■ Problem description ■
Output every record exactly, apart from its images.

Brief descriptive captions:
>>>
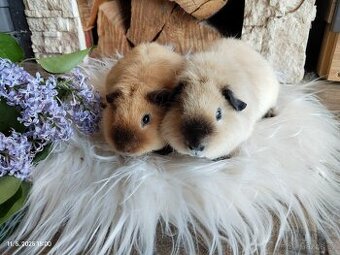 Morče US Teddy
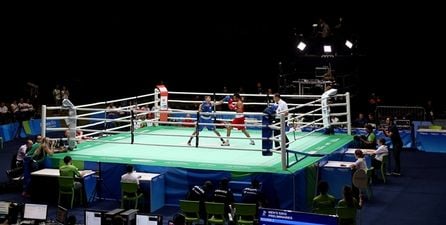 Boxing bosses press ahead with plan to let pro fighters enter Rio Olympics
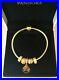Genuine-Pandora-18k-Gold-Snake-Chain-Bracelet-five-Charms-Set-568748coo-New-01-ezg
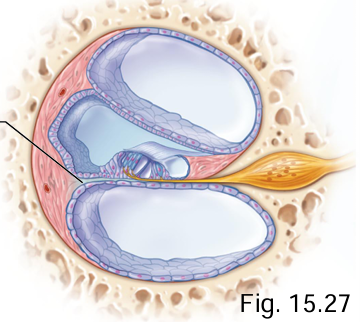 <p>Cochlear duct + scala tympani</p>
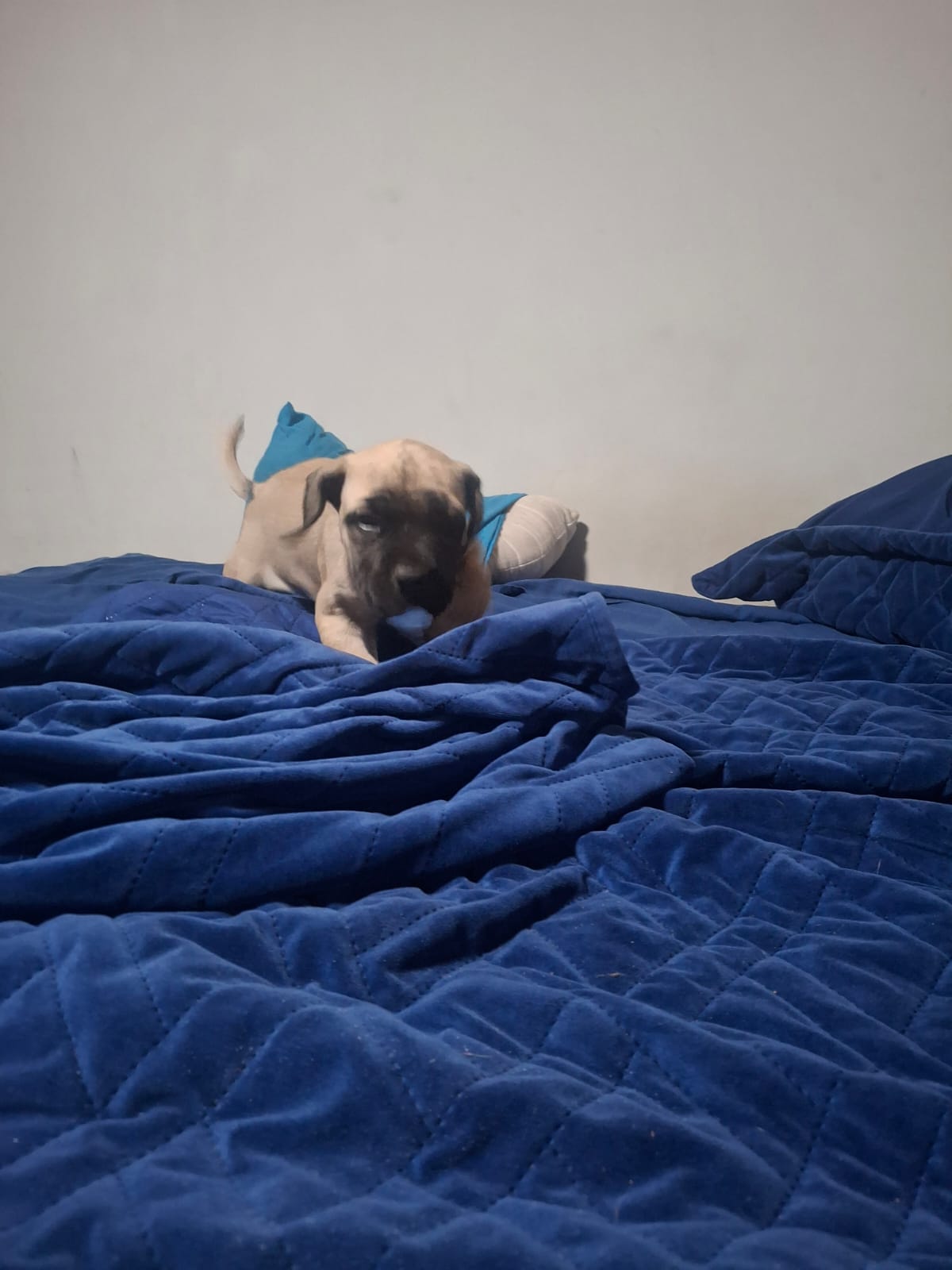 Boerboel listing photo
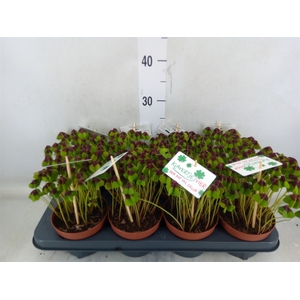 Oxalis deppei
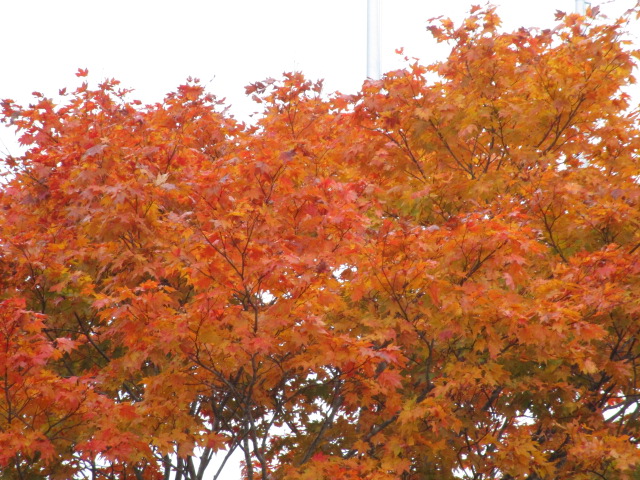 20251018_093918.JPG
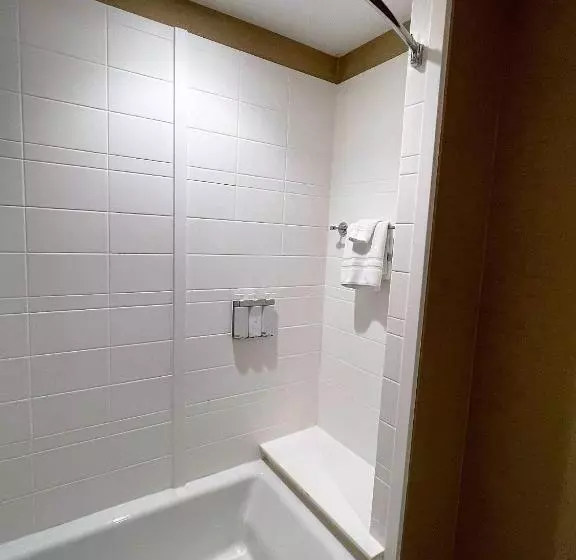 身障者適用スイートルーム, Wyndham Avon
<<<
■ Result of this task ■
 Morče US Teddy
 Boxing bosses press ahead with plan to let pro fighters enter Rio Olympics
Genuine-Pandora-18k-Gold-Snake-Chain-Bracelet-five-Charms-Set-568748coo-New-01-ezg
 <p>Cochlear duct + scala tympani</p>
 Boerboel listing photo
 Oxalis deppei
 20251018_093918.JPG
 身障者適用スイートルーム, Wyndham Avon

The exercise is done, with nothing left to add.